On the eve of the mega-disaster’s second anniversary, an investigative new regional documentary from TVE Asia Pacific raises these important questions. In search of answers, it talks to a cross section of scientists, activists and local community leaders in South and Southeast Asia.
Titled The Greenbelt Reports: Armed by Nature, the half hour documentary is part of a multi-media, multi-country project named The Greenbelt Reports. It investigates challenges in conserving Asia’s coastal greenbelts – coral reefs, mangroves and sand dunes – that offer protection from sea-based disasters, as well as many economic benefits to coastal communities.
The Greenbelt Reports TV series
The Greenbelt Reports also comprises a set of 12 self-contained short films, each 5 minutes in duration, covering case studies from the same countries where Armed by Nature was filmed. See our separate story on the series. |
Produced on an editorially independent basis by TVE Asia Pacific (TVEAP) – a regional leader in communicating sustainable development using TV and video – the documentary is now available for broadcast, educational and civil society users worldwide. It comes free of license fee.
In Armed by Nature, TVE Asia Pacific’s production returns to many Asian coasts that were battered by the Tsunami. The documentary was filmed over several months in 2006 in many coastal locations of India, Indonesia, Sri Lanka and Thailand – the four countries that were hardest hit by the Asian Tsunami.
Soon after the disaster, local people, divers and researchers in different parts of Asia noticed something unusual: coastal locations with mangrove forests, sand dunes or coral reefs had suffered considerably less damage.
Evidently, these natural formations had acted as a protective barrier against wave action. This phenomenon is now called the ‘greenbelt effect’. The TVEAP team went to coastal locations in India’s Tamil Nadu state, Sri Lanka’s Ampara District and Thailand’s Phang Nga Province in search of real evidence.
The evidence is corroborated and explained by scientists of the M S Swaminathan Research Foundation of India, which cooperated with TVEAP in producing this documentary.

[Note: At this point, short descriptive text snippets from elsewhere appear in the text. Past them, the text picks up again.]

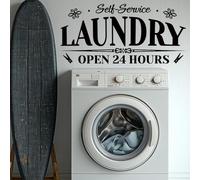 SUPERDANT 24 Hours Laundry Wall Stickers Open 24 Hours Wall Decals Self Service Laundry Room Black Vinyl Art Decal for Home Washer Dryer Area Door Decor 96x30cm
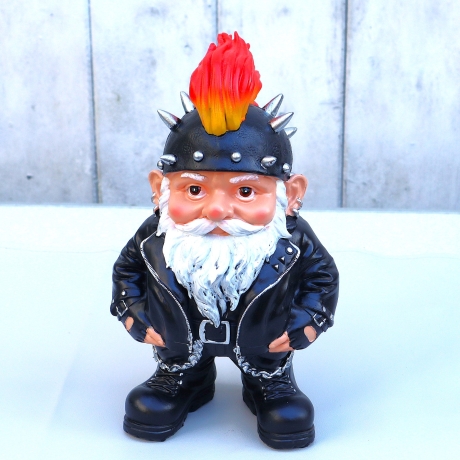 Figur Zwerg Rocker Gnom Wichtel Gartenzwerg Deko Garten Balkon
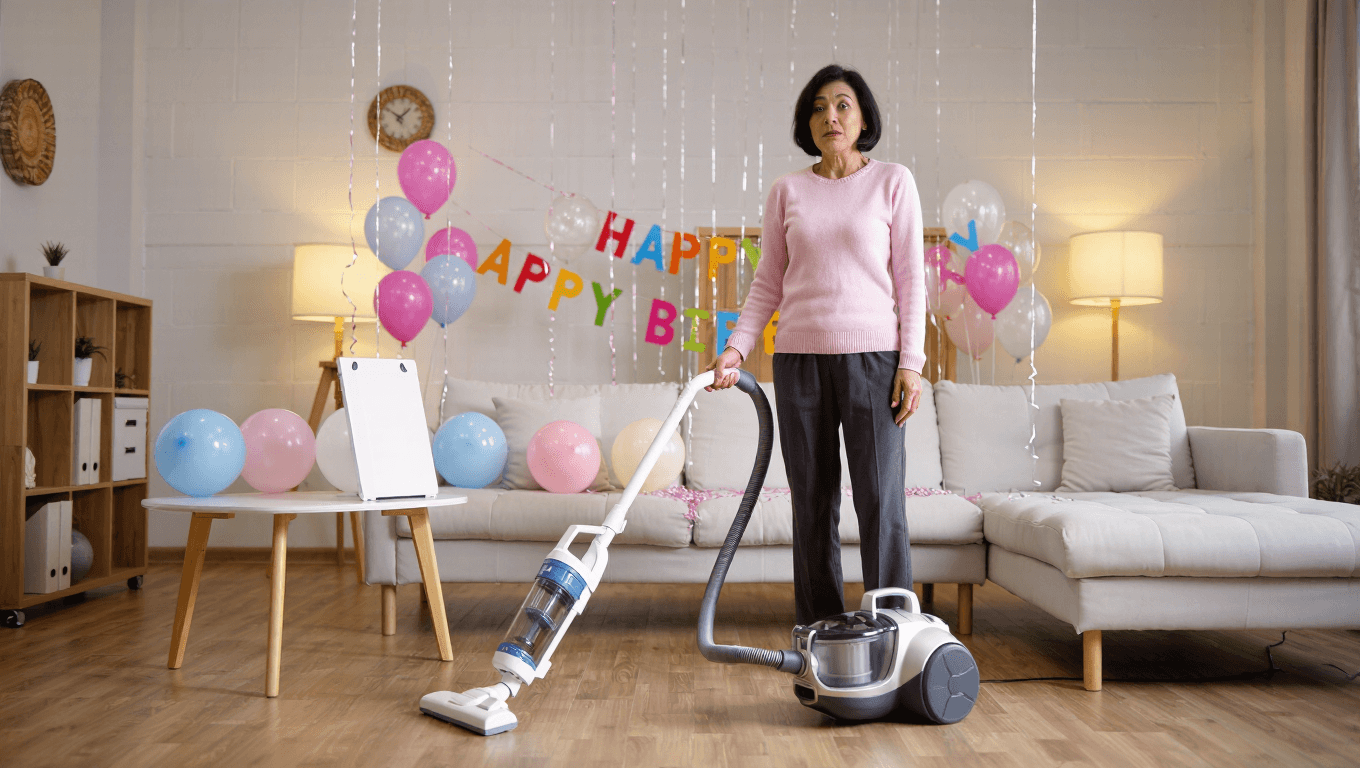 Husband Shocks Wife by Gifting a Vacuum for Her 50th Birthday Husband Shocks Wife by Gifting a Vacuum for Her 50th Birthday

Although it captured the popular imagination only recently, the greenbelt effect has been known to scientists for many years. For example, it was noticed when a super-cyclone hit India’s eastern coastal state of Orissa in October 1999.
But the lessons of Orissa were not heeded. Mangroves have been steadily disappearing from Asian coastlines, often replaced by shrimp farms or tourist hotels. Coral reefs and sand dunes were destroyed by indiscriminate fisheries and recreational activities.

The TVEAP production team tries to understand how the greenbelt effect works – and more importantly, how Asia’s remaining greenbelts can be saved. They meet activists, researchers and local communities – all looking for practical ways to achieve this amidst poverty and under-development.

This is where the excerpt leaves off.